B-A-C-K-S-T-A-B-B-E-R…..

On the outskirts of Columbus, the bus passengers had essentially passed out. Finally somebody went to the bus-driver, who opened a wing-vent. A writhing snake of smoke collected itself, and like out of a movie, got sucked out of the bus. Everybody woke up by the time we pulled into the bus station.

The trip to Cleveland was muted. No joy here. I stayed at the Y one night. Then I opened my wallet and realized that I didn’t have enough to stay at the Y. Checking out, I found a SRO cheap-ass hotel—Hotel Bolivar, if memory serves, on 9th St. Walking up the single-width stairs to the buzzer-locked cashier’s window, I rented a room for the next two nights. He handed me a key, a dirty look, told me to read the rules, and buzzed me in.

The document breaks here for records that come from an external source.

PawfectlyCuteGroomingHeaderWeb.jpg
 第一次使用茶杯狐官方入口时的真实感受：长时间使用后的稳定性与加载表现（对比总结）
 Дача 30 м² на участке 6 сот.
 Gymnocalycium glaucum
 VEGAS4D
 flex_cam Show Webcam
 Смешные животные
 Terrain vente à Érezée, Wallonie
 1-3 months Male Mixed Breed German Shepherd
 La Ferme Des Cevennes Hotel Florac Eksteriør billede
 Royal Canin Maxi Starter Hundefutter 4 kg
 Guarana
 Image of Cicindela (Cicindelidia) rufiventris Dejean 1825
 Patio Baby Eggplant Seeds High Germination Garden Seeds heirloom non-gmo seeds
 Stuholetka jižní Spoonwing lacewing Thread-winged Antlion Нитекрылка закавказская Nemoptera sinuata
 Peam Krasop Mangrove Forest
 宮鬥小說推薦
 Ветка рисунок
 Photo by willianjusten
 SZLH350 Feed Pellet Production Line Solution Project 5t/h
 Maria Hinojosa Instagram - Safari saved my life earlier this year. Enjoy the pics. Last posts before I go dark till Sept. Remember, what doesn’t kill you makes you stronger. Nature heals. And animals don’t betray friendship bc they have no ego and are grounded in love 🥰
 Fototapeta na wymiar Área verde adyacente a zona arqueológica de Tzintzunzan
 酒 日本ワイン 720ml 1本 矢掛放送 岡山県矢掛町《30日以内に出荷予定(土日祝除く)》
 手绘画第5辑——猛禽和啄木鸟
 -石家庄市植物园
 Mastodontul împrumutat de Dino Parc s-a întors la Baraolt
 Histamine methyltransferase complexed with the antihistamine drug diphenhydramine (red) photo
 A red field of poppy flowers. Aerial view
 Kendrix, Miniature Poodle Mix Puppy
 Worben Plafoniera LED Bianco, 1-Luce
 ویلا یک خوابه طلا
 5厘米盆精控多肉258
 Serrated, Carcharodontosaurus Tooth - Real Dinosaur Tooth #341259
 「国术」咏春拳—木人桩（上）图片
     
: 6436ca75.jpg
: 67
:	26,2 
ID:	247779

Walking a maze of jumbled hallways that were painted in cast-off colors, I found my room. It was clean, dry, and barren, opening to an airless airwell. It made the Y look like the Ritz. Here I was. Time stretched on forever.

The first night was punctuated by footfalls in the hallway, faint snorings and phlegmy coughs by men who’d smoked their entire lives.I took a shower in a dim, blighted room that looked like it came from a prison-camp yard sale. Rarely have I showered so fast.

Note to the traveller: Celine’s “Journey to the End of the Night” is not light and frolicsome reading. Save it for when you have lots of money, on a beach somewhere. Also that night I lost any remaining taste for Tom Waits, who was then a boho fave with his “Nighthawks at the Diner“. Here there was no romance; only old, tired, used-up, broken men.

The few days that followed were more futility. I rotated in and out of agencies. One agency studio had middle-aged men sitting at their drafting tables, reading paperbacks. Nobody made a sound, so the bean-counters wouldn’t hear their inactivity, and fire them. It was foreboding.

My slender finances permitted a day-old loaf of bread, bracketed by 2 cups of watery coffee I got somewhere. The Y, with the vending machine, and the corner carryout was a mirage. Ghetto life in its full ’70s glory was on full display. Street-life characters could only afford one aspect of the Look; the apple cap, the chunky shoes, the high-rise flared pants. The rest of their outfits lagged a decade behind.

I threw in the towel on Wednesday. Caught the bus outta there, back down in painful slowness to Columbus, then back to Athens. The closer I got, the slower it became. I lulled myself to sleep with notions that it wasn’t always going to be this cold and bleak, and somehow I’d have a job, and get laid more often than not.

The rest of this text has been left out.